Pouvez-vous nous dire comment la question de la morale se pose dans votre film ?

C. R. : Dans le film, chaque personnage incarne une certaine conception de la lutte ouvrière : Farid est celui qui croit au combat collectif, Henri s’est radicalisé, il menace de faire sauter l’usine où il travaille. Max est complètement désocialisé, il s’est fait licencié de son poste trois ans auparavant, a perdu sa femme, son fils, sa maison. C’est quelqu’un de désespéré pour qui la violence est la seule solution. Franck vit dans la peur, celle de connaître la même trajectoire que son ami Max. C’est aussi celui qui comprend les trois autres personnages. Hélène, sa femme, est tout le temps dans la construction, elle recherche sans arrêt des solutions.

C. C. : La relation entre Franck et Max est très intéressante, c’est celle de quelqu’un qui voit son meilleur ami partir complètement du mauvais côté, qui n’est plus du tout en contact avec la réalité, mais qui continue de l’aider, le soutenir en toutes circonstances. C’est aussi la même relation qu’il y a entre Franck et sa femme. Elle condamne certains de ses actions mais elle le soutient parce que c’est son mari, qu’il a décidé de se révolter alors qu’il vivait jusque là dans la peur. Dans ce couple en crise, l’amour renaît à ce moment là et c’est pour cela qu’Hélène choisit d’aller à l’encontre de sa propre morale personnelle.

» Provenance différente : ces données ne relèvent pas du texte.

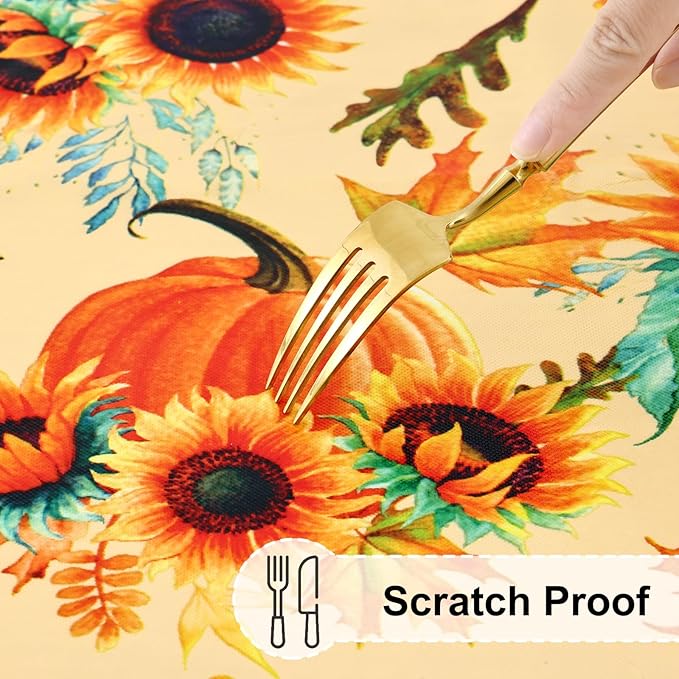misaya Rectangle Vinyl Tablecloth, Fitted Table Cover, 100% Waterproof, Elastic Edge, Flannel Backing, Plastic Table Cloth Fit 6 Foot Folding Tables for Fall, Thanksgiving (Pumpkin Orange, 30x72 inch)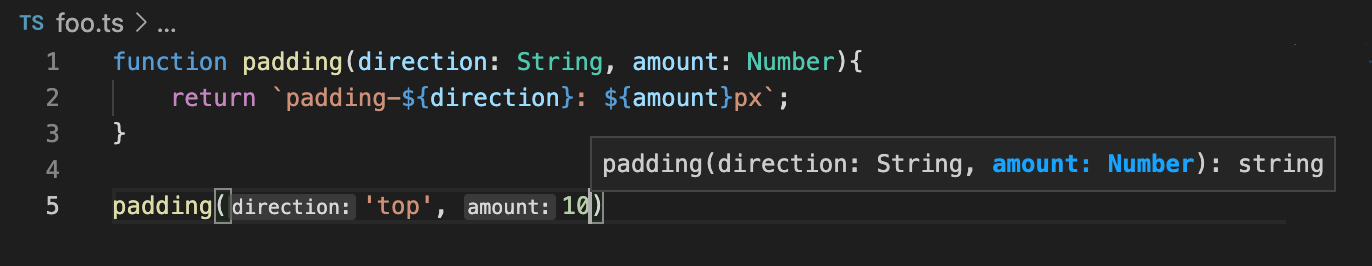 Example of a parameter hint with a highlighted word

Mais le film n’excuse pas les actes violents que commet Max, le message n’est pas : «Faites comme Max et vous verrez, votre vie ira mieux ensuite». Certes, il ne faut pas agir comme Max, mais tout en haut, il ne faut pas non plus agir comme ces grands patrons qui ont un fonctionnement qui relève de la voyoucratie. L’absence de morale aux plus hauts échelons est plus grave selon moi, car un ministre aura plus de facilités pour faire sauter son PV pour excès de vitesse que le citoyen lambda. Je crois que ça envoie de mauvais signaux aux gens.

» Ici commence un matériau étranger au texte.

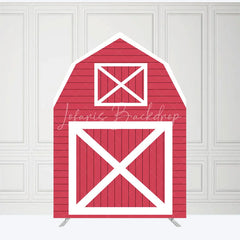 Lofaris Red White Farm House Barn Door Arch Party Backdrop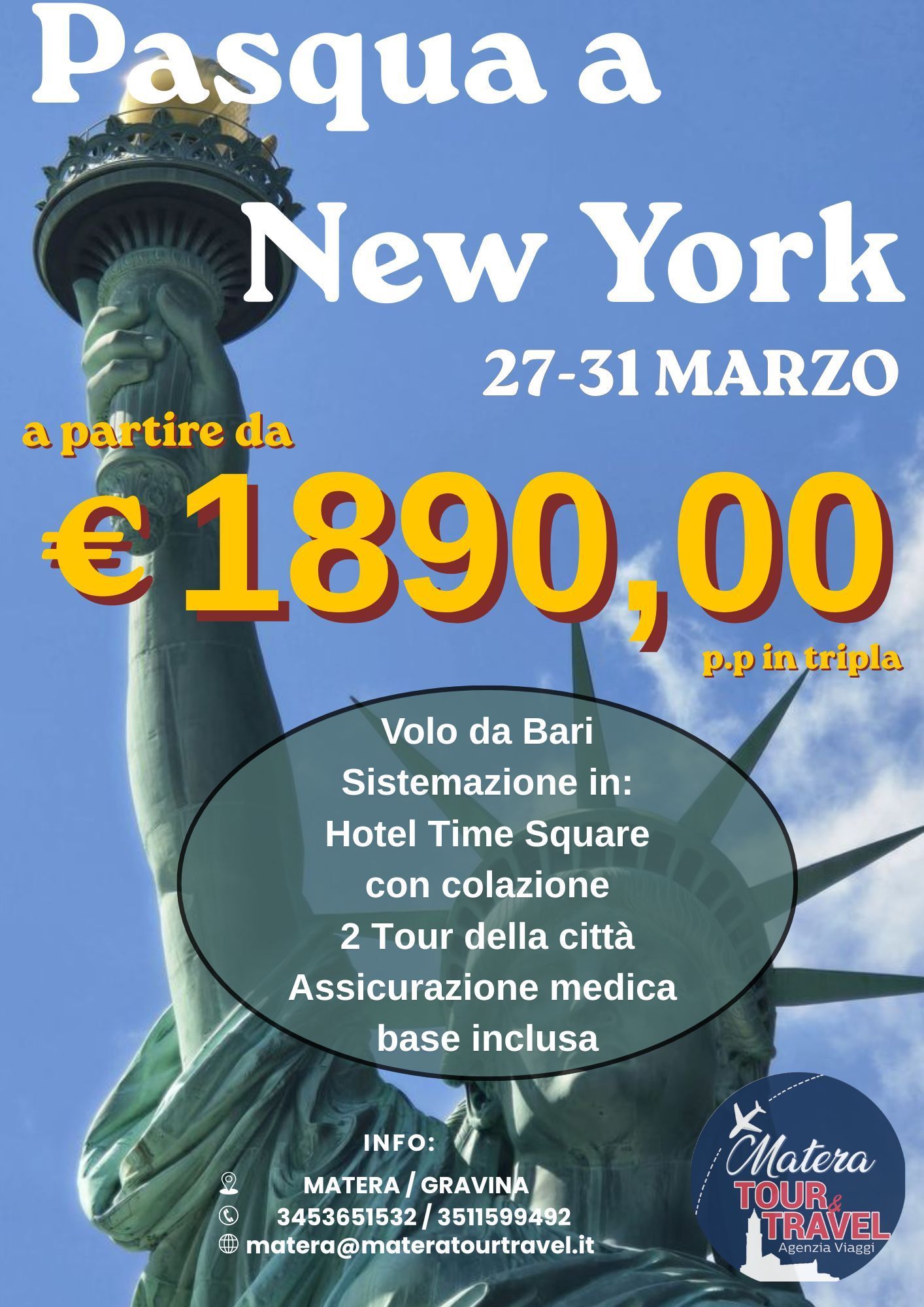 TOUR DI GRUPPO NEW YORK PASQUA '27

Clovis, vous avez co-produit le film ?

C. C. : J’ai lu la toute première mouture du scénario qui date d’il y a cinq ans, c’est un projet de longue haleine, un morceau de vie. Le projet m’a tellement emballé que j’ai renoncé à mon salaire d’acteur pour co produire le film et obtenir des pourcentages sur les recettes. Sinon, le film n’aurait pas pu se monter, il n’existait pas. Il y a beaucoup de cascades, des scènes spectaculaires, il fallait tourner dans les Calanques, faire venir le matériel, louer des hélicoptères, tout cela coûte de l’argent. Donc il m’a paru naturel de renoncer à mon salaire pour que les moyens se voient à l’image.